Reputation: 117
I am trying to scrape a table in a tab using rvest but html_elements()
seems to ignore it.
library(tidyverse)
library(rvest)
URL.BNPF <- 'https://fundkis.com/en/funds/bnppf-privatesustainable-balanced/BE6294262298#navs'
html <- read_html(URL.BNPF)
test <- html %>%
html_elements('#navs') %>%
html_elements('.row')
Code works until there, but anything I tried after to extract the table itself (under the title "Historical Net Asset Values (Quotes)") returns an empty list. I suspect the fact the table is under a tab may impact the class
or id
I need to look for.
Many thanks in advance.
Upvotes: 1
Views: 323
Reputation: 84465
Data is dynamically pulled from an API call. You can pick up the key from the initial url and pass that into the API call and get the data back as json.

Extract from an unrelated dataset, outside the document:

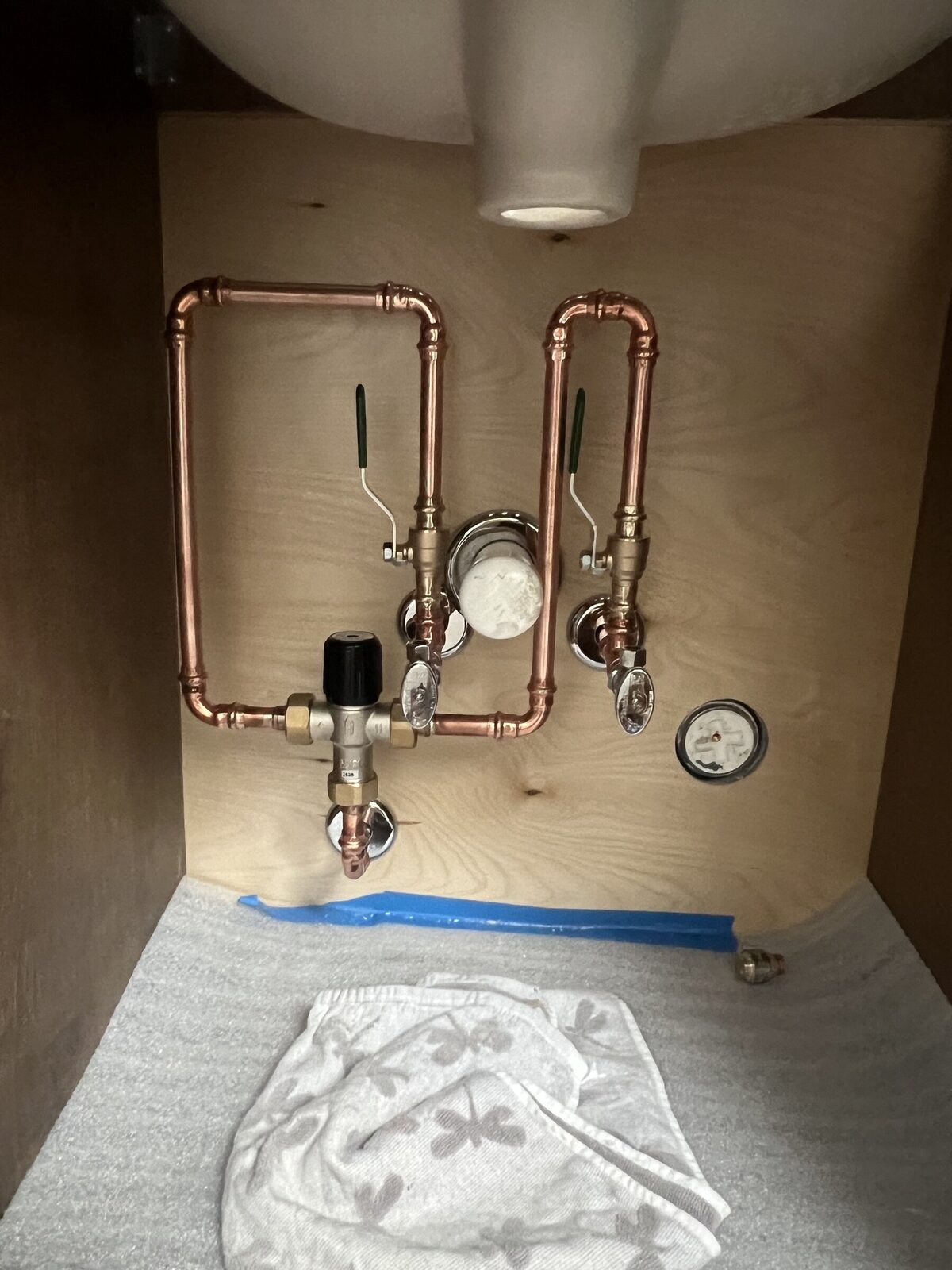 Sewer Line Repair work by Sidekick Plumbing in Morris County, NJ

I altered the pageSize param of the API call to be large enough to get all likely results.
library(rvest)
library(stringr)
library(jsonlite)
r <- read_html('https://fundkis.com/en/funds/bnppf-privatesustainable-balanced/BE6294262298#navs')
share_id <- stringr::str_match(r %>% html_node('[name=ReactRiskPart]') %>% html_attr('props'), '"shareId": "(.*?)"')[,2]
api_url <- sprintf('https://fundkis.com/api/fkdb/navs/%s?PageIndex=0&PageSize=2000', share_id)
data<- jsonlite::read_json(api_url)
As dataframe:
library(rvest)
library(stringr)
library(jsonlite)
library(tidyverse)
library(purrr)
r <- read_html("https://fundkis.com/en/funds/bnppf-privatesustainable-balanced/BE6294262298#navs")
share_id <- stringr::str_match(r %>% html_node("[name=ReactRiskPart]") %>% html_attr("props"), '"shareId": "(.*?)"')[, 2]
api_url <- sprintf("https://fundkis.com/api/fkdb/navs/%s?PageIndex=0&PageSize=2000", share_id)
data <- jsonlite::read_json(api_url)
df <- map_dfr(data, data.frame) %>%
mutate(Date = format.Date(NavDate)) %>%
select(-c("FundShareId", "NavDate")) %>%
rename(Currency = NavCurrencyISO, `Net Asset` = TotalAum, VL = Nav, `Nb Shares` = NbShares) %>%
relocate(Date, Currency, VL, `Nb Shares`, `Net Asset`)
Upvotes: 1